A datasource can be anything from a simple text file to a big database. The raw data can come from observation logs, sensors, transactions, or user’s behaviour.
Types of Datasources:
- Open data
- Text files
- Excel files
- SQL databases
- NoSQL databases
- Web scraping
Open data – Open data is data that can be used, re-use, and redistributed freely by anyone for any purpose.
Text files – Large amounts of data come in text format from logs, sensors, e-mails, and transactions. There are several formats for text files such as CSV (comma delimited), TSV (tab delimited), Extensible Markup Language (XML) and (JSON) (see the Data formats section).

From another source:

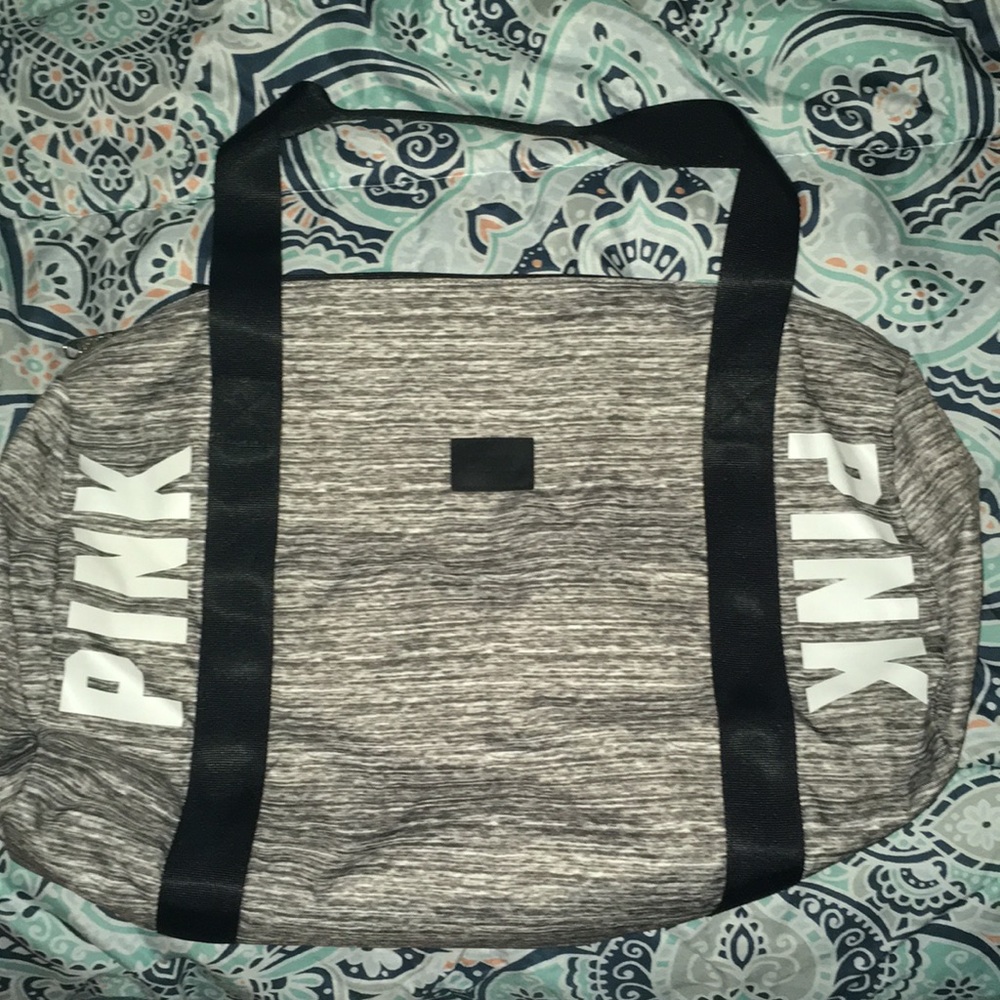 VS PINK NWOT Duffle Bag! MAKE ME AN OFFER!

Excel files – In fact Excel has some good points such as filtering, aggregation functions, and using Visual Basis for Application you can make Structured Query Language (SQL) —such as queries with the sheets or with an external database. We can easily transform Excel files (.xls) into another text file format such as CSV, TSV, or even XML.

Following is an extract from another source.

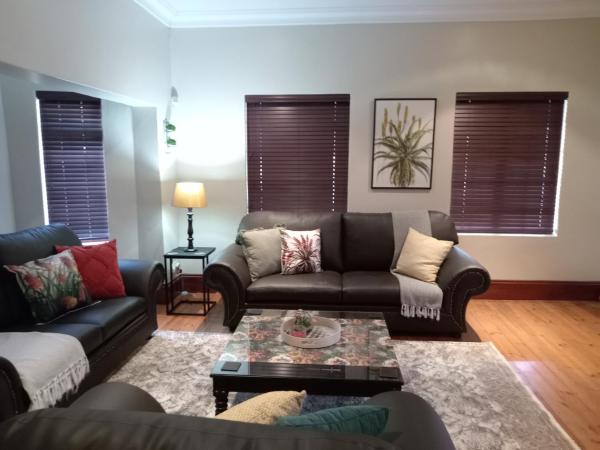 A la foto es mostra l'objecte Fancy Pansy 4: Secure Modern 2 bed family home situat a la ciutat de Germiston.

SQL databases – A database is an organized collection of data. SQL is a database language for managing and manipulating data in Relational Database Management Systems (RDBMS). The Database Management Systems (DBMS) are responsible for maintaining the integrity and security of stored data, and for recovering information if the system fails.

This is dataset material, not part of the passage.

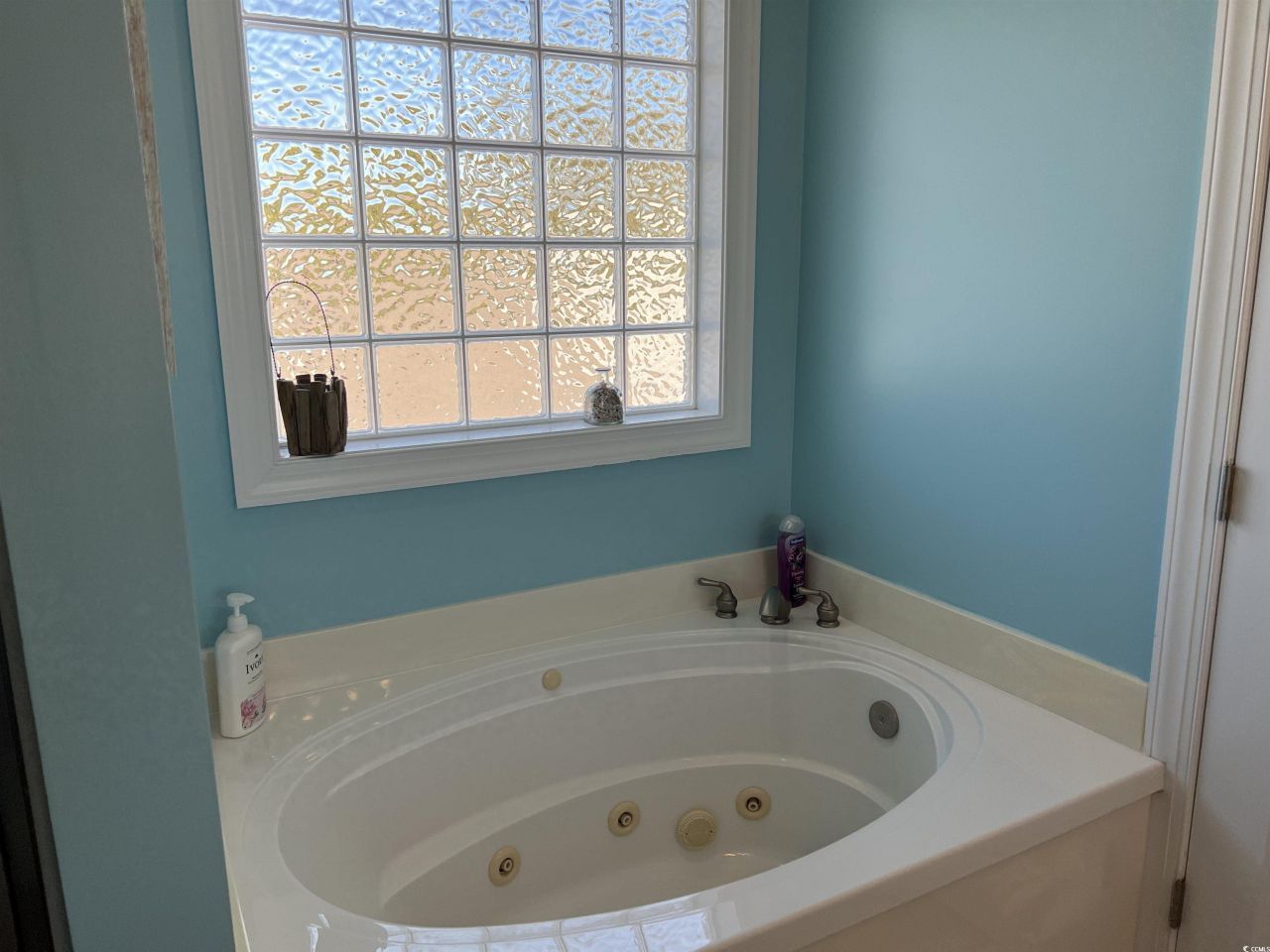 1516 Edge Dr. Photo 21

SQL Language is split into two subsets of instructions, the Data Definition Language (DDL) and Data Manipulation Language (DML). The data is organized in schemas (database) and divided into tables related by logical relationships, where we can retrieve the data by making queries to the main schema
DDL allows us to create, delete, and alter database tables. We can also define keys to specify relationships between tables, and implement constraints between database tables.
- CREATE TABLE : This command creates a new table
- ALTER TABLE : This command alters a table
- DROP TABLE : This command deletes a table
DML is a language which enables users to access and manipulate data.
- SELECT : This command retrieves data from the database
- INSERT INTO : This command inserts new data into the database
- UPDATE : This command modifies data in the database
- DELETE : This command deletes data in the database
NoSQL databases – Not only SQL (NoSQL) is a term used in several technologies where the nature of the data does not require a relational model. NoSQL technologies allow working with a huge quantity of data, higher availability, scalability, and performance.
The most common types of NoSQL data stores are:
- Document store: Data is stored and organized as a collection of documents. The model schema is flexible and each collection can handle any number of fields. For example, MongoDB uses a document of type BSON (binary format of JSON) and CouchDB uses a JSON document.
- Key-value store: Data is stored as key-value pairs without a predefined schema. Values are retrieved from their keys. For example, Apache Cassandra, Dynamo, HBase, and Amazon SimpleDB.
- Graph-based store: Data is stored in graph structures with nodes, edges, and properties using the computer science graph theory for storing and retrieving data. These kinds of databases are excellent to represent social network relationships. For example, Neo4js, InfoGrid, and Horton.
Multimedia – Datasources include directly perceivable media such as audio, image, and video. Some of the applications for these kinds of datasources are as follows:
- Content-based image retrieval
- Content-based video retrieval
- Movie and video classification
- Face recognition
- Speech recognition
- Audio and music classification
Web scraping – Web scraping refers to an application that processes the HTML of a web page to extract data for manipulation.